Summary: Researchers report that genetic variants associated with autism spectrum disorder (ASD) show evidence of positive selection during human evolution and may have contributed to enhanced cognitive traits.
Source: Yale.
New research indicates that some genetic variants linked to autism spectrum disorder may have been favored in human evolution because they also support higher cognitive ability.
A large genome-wide association study (GWAS) that included more than 5,000 ASD cases, combined with evolutionary analyses of gene selection, found that inherited variants associated with ASD appear under positive selection in greater numbers than expected by chance. The study argues these common variants, while increasing ASD risk, may also have conferred cognitive advantages that helped them persist through generations.

Large-effect variants that sharply reduce fertility or survival are usually eliminated by natural selection. In contrast, common variants that each have a modest effect can together shape complex inherited traits in meaningful ways. When the combined effect improves fitness or confers an advantage—such as enhanced cognitive capacity—those variants can persist and become more frequent in the population.
“We observed a clear positive selection signal among variants that are associated not only with ASD but also with measures of intellectual achievement,” said Renato Polimanti, associate research scientist at Yale School of Medicine and VA Connecticut Health Center and first author of the study. The results suggest a trade-off: alleles that promoted cognitive traits during human evolution may have increased the liability for ASD in some individuals.
Many of the positively selected ASD-associated variants identified by the investigators were enriched for molecular functions related to neurogenesis, including pathways involved in the formation and development of new neurons.
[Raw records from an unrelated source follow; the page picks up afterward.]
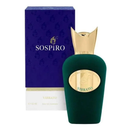 Sospiro Vibrato 100ml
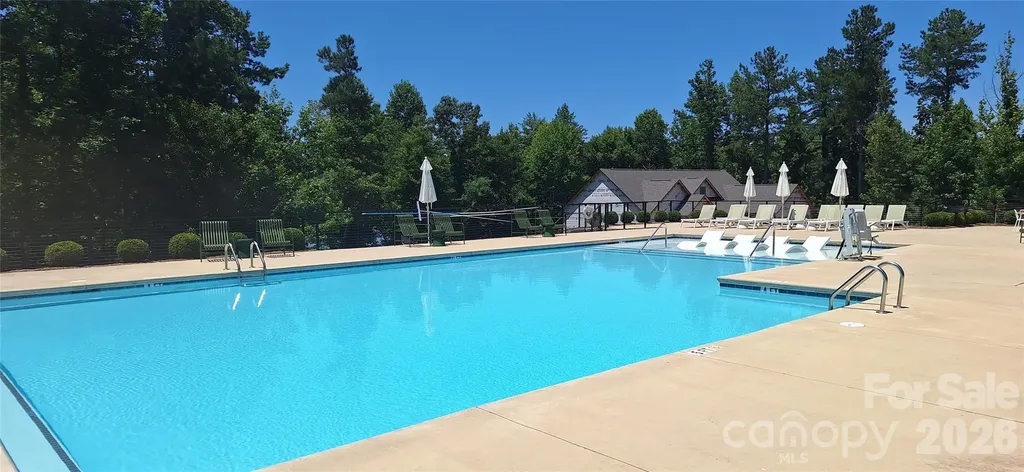 2478 Jumping Run Connelly Springs NC 28612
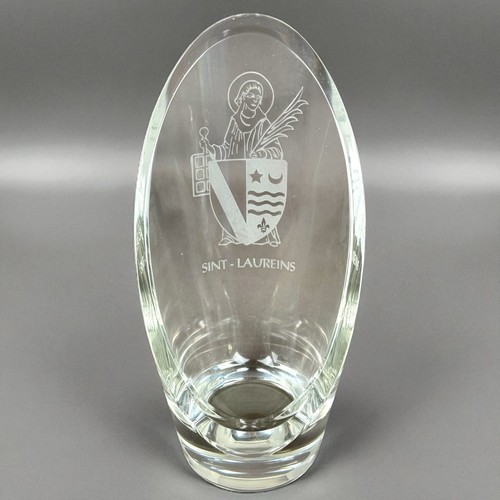 Objets religieux verre - religieux,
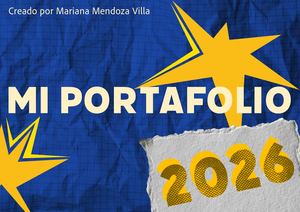 Portafolio Final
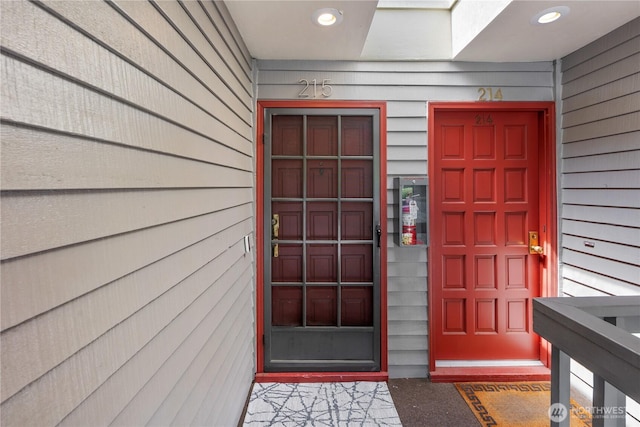 11624 100th Ave NE Unit C215, Kirkland, WA 98034 - photo 3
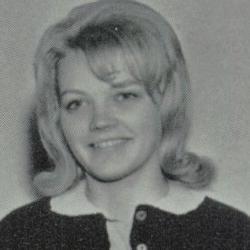 Patricia Hill's Classmates profile album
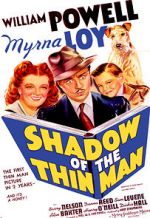 Watch Shadow of the Thin Man M4ufree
This biological enrichment supports the idea that selection favored variants affecting brain development and function.
“It’s natural to ask why so many genetic variants that collectively contribute to ASD remain in human populations rather than being removed by selection,” said Joel Gelernter, Foundations Fund Professor of Psychiatry, professor of genetics and neuroscience, and co-author of the paper. “Our interpretation is that during human evolution, variants that improved cognitive abilities were selected for, even if they came at the cost of a higher risk for autism spectrum disorders in some genetic or environmental contexts.”
Funding: This research was supported by National Institutes of Health grants and a NARSAD Young Investigator Award from the Brain & Behavior Research Foundation.
Source: Bill Hathaway, Yale.
Image source: NeuroscienceNews.com image used for illustration and noted as public domain in the original release.
Original research: Polimanti, R. & Gelernter, J. “Widespread signatures of positive selection in common risk alleles associated to autism spectrum disorder.” PLOS Genetics. Published online February 10, 2017. doi:10.1371/journal.pgen.1006618.
Yale, “Autism Risk Genes Linked to Evolving Brain.” NeuroscienceNews. Published February 27, 2017.
Abstract
Widespread signatures of positive selection in common risk alleles associated to autism spectrum disorder
The human brain is the product of complex evolutionary processes, and signatures of those processes may be detectable within the genetics of psychiatric and neurodevelopmental disorders. To explore this idea, the authors analyzed GWAS summary statistics for five psychiatric conditions—attention deficit hyperactivity disorder (ADHD), autism spectrum disorder (ASD), bipolar disorder, major depressive disorder, and schizophrenia—using data from the Psychiatric Genomics Consortium. Machine-learning–derived scores were applied to test two natural-selection scenarios: complete selection (where an advantageous allele reached fixation) and incomplete selection (where a selected allele has increased in frequency but not fixed).
ASD GWAS results showed a positive correlation with the incomplete-selection signal (p = 3.53 × 10−4). Variants with ASD GWAS p < 0.1 had a 19% greater probability of falling into the top 5% of incomplete-selection scores (OR = 1.19, 95% CI = 1.11–1.8, p = 9.56 × 10−7). Examining the direction of minor-allele effects revealed an enrichment of alleles with positive associations among SNPs with ASD GWAS p < 0.1 that also ranked in the top 5% for incomplete selection (permutation p < 10−4).
Focusing on this subset of ASD-associated, positively selected variants, the authors found gene-expression enrichments in brain and pituitary tissues (p = 2.3 × 10−5 and p = 3 × 10−5, respectively). Gene ontology analysis identified 53 enriched categories including nervous system development (GO:0007399, p = 7.57 × 10−12), synapse organization (GO:0050808, p = 8.29 × 10−7), and axon guidance (GO:0007411, p = 1.81 × 10−7). Previous genetic studies have reported positive correlations between ASD risk and measures such as childhood intelligence, college completion, and years of schooling. Taken together, these results support the hypothesis that some common ASD risk alleles show signatures of positive selection because they contributed to neurogenesis and cognitive traits during human evolution.
Polimanti, R. & Gelernter, J. “Widespread signatures of positive selection in common risk alleles associated to autism spectrum disorder.” PLOS Genetics. Published online February 10, 2017. doi:10.1371/journal.pgen.1006618.